▶ **What you are asked to do**
Starting at the first line of the data, print each line verbatim up to and including the line bearing "Дистиллят ТГК Wax Арзамас", omitting pictures.

Caption-style text data:
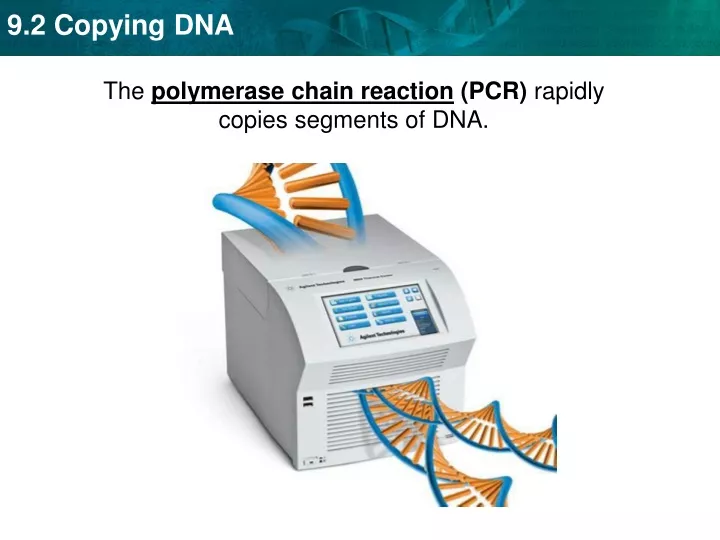 the polymerase chain reaction pcr rapidly copies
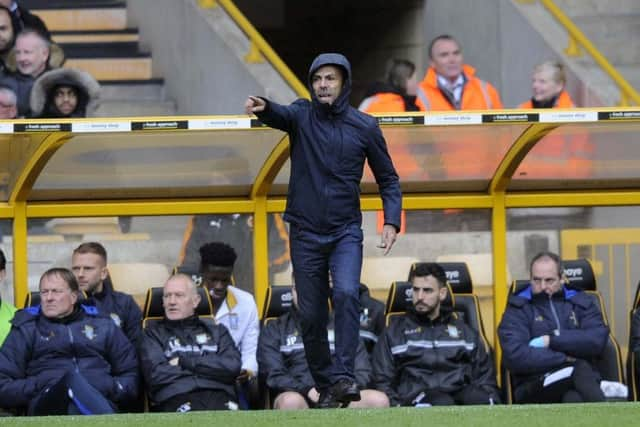 UNDER COVER.....Owls Manager Jos Luhukay on the touch line....Pic Steve Ellis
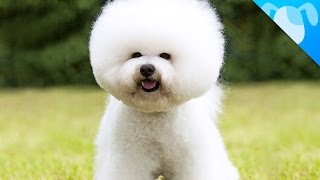 Bichon Frisé Facts [upl. by Susi]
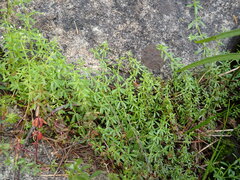 Galium trifidum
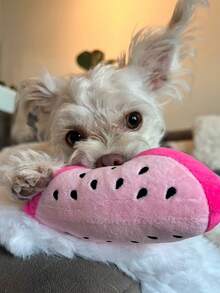 1pc Watermelon Shaped Sound Making Toy For Pet Playtime - Multicolor - View 5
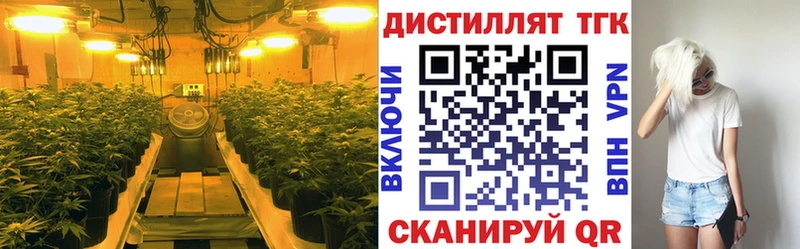 Дистиллят ТГК Wax Арзамас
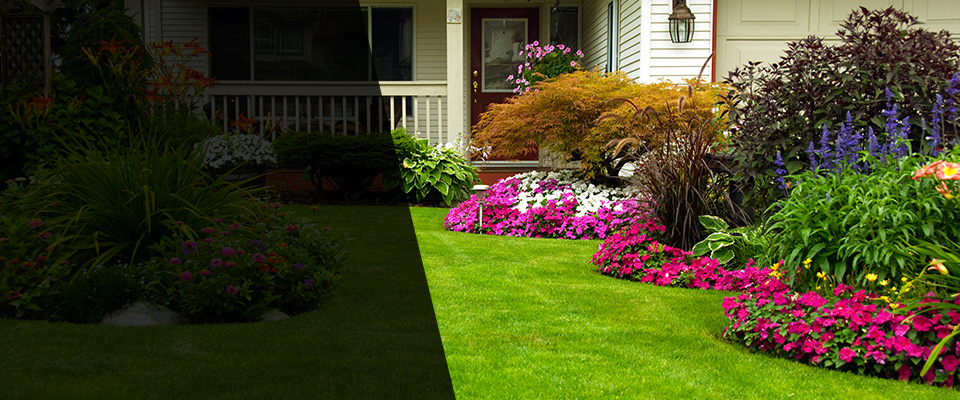 Winfield Landscapers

▶ **Solution for this problem**
 the polymerase chain reaction pcr rapidly copies
 UNDER COVER.....Owls Manager Jos Luhukay on the touch line....Pic Steve Ellis
 Bichon Frisé Facts [upl. by Susi]
 Galium trifidum
 1pc Watermelon Shaped Sound Making Toy For Pet Playtime - Multicolor - View 5
 Дистиллят ТГК Wax Арзамас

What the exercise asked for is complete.